> EXERCISE INSTRUCTIONS
Scan the listing below and copy each line holding the word "Santa".

> MATERIAL PROVIDED
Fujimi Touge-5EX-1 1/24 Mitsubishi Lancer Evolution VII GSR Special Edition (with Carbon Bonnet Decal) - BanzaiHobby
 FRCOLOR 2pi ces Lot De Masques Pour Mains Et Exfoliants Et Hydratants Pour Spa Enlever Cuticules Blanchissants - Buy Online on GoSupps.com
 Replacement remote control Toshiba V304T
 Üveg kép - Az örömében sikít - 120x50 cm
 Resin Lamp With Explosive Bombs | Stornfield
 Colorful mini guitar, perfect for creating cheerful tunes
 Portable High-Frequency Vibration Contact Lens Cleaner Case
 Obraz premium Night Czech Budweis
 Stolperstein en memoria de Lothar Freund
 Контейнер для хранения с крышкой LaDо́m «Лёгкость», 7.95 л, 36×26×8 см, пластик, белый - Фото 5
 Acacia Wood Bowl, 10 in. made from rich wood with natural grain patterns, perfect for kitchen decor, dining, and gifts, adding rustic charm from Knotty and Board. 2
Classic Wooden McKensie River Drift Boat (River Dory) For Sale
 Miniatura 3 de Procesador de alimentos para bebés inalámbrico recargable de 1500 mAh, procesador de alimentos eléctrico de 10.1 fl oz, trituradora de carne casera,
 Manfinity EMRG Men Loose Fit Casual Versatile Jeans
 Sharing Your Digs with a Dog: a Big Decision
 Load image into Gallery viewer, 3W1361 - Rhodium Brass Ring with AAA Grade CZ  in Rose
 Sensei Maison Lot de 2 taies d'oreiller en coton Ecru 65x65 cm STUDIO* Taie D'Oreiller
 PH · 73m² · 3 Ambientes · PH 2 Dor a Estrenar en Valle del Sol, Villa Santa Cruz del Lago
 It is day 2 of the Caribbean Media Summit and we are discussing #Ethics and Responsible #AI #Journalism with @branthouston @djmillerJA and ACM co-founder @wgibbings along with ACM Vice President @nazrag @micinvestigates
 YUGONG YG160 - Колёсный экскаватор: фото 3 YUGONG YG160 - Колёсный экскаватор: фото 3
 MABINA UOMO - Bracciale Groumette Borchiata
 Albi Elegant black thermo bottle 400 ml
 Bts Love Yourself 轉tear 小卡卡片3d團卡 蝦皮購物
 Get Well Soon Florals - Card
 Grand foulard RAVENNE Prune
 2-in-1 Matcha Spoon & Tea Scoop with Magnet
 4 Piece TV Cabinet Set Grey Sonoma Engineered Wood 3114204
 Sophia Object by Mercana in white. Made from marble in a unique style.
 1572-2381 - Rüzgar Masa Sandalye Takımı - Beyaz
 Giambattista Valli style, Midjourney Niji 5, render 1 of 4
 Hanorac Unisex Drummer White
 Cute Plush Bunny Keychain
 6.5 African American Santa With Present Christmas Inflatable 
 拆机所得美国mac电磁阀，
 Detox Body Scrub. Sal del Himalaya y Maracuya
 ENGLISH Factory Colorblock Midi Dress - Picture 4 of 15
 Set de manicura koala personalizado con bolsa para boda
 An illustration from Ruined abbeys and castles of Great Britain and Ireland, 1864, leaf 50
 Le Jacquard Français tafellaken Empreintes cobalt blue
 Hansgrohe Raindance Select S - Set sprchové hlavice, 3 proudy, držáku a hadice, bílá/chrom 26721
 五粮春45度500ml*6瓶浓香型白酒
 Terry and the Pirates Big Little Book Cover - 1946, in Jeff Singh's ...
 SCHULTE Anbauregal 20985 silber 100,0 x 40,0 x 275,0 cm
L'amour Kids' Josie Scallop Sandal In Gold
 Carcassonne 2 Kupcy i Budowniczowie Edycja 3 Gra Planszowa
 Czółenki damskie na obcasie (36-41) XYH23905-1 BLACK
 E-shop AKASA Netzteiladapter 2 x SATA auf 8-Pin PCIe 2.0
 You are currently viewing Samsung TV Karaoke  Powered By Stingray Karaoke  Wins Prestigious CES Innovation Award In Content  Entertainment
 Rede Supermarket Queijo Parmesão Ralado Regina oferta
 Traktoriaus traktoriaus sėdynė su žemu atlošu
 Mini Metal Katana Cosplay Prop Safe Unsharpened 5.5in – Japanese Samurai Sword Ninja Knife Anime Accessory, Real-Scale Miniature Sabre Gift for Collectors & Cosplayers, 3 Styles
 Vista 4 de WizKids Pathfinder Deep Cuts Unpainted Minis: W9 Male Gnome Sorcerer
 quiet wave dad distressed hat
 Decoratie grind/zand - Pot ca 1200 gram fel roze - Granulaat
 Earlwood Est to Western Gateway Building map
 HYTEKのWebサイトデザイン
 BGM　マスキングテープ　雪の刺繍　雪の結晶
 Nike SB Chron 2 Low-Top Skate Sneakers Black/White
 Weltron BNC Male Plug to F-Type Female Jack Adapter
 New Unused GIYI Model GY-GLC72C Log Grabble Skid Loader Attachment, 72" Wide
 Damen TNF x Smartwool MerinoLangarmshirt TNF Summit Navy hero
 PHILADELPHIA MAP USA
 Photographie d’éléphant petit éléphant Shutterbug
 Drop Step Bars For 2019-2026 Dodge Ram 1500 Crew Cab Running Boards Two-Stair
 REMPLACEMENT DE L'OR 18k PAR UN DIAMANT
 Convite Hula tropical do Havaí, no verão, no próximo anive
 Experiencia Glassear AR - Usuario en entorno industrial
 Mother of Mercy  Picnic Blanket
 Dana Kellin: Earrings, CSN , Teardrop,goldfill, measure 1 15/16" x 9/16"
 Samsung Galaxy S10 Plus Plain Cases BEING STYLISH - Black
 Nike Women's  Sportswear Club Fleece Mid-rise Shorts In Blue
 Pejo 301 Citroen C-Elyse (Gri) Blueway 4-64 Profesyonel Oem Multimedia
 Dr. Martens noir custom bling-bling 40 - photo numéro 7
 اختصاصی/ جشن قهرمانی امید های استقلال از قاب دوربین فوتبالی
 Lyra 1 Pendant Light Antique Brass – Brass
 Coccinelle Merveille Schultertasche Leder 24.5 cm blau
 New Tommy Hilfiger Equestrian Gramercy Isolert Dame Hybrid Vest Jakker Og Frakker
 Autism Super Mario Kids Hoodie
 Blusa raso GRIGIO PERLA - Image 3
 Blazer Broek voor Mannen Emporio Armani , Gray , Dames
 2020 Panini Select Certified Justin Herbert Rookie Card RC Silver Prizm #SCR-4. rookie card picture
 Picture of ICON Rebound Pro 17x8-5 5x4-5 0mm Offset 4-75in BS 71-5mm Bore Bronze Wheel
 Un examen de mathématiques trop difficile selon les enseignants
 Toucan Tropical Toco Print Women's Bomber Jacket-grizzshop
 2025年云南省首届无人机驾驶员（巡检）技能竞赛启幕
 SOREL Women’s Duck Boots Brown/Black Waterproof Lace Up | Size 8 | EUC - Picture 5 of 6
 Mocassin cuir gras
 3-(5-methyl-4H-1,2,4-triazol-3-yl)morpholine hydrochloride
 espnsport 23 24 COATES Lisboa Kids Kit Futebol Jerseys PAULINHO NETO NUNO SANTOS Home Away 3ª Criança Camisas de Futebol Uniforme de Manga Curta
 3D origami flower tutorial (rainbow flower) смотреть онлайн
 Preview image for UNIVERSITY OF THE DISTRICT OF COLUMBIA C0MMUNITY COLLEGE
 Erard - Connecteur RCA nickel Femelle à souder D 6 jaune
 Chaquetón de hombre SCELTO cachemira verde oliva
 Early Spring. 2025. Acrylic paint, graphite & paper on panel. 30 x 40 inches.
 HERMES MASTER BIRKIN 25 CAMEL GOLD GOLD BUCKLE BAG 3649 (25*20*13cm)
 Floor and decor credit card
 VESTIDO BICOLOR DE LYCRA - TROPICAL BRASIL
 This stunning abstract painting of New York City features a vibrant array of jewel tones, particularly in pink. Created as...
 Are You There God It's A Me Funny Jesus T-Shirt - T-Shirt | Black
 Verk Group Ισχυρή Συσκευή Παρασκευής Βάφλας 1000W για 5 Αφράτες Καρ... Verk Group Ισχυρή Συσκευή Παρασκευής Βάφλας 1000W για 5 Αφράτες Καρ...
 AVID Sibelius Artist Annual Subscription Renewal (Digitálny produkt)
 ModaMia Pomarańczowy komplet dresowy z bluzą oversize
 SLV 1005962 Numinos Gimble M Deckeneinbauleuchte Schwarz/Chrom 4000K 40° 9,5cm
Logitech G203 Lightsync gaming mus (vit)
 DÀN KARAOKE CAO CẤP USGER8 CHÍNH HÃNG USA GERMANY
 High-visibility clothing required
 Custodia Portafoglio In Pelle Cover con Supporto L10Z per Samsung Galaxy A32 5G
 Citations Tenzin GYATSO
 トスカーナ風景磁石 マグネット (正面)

> TASK OUTPUT
 PH · 73m² · 3 Ambientes · PH 2 Dor a Estrenar en Valle del Sol, Villa Santa Cruz del Lago
 6.5 African American Santa With Present Christmas Inflatable 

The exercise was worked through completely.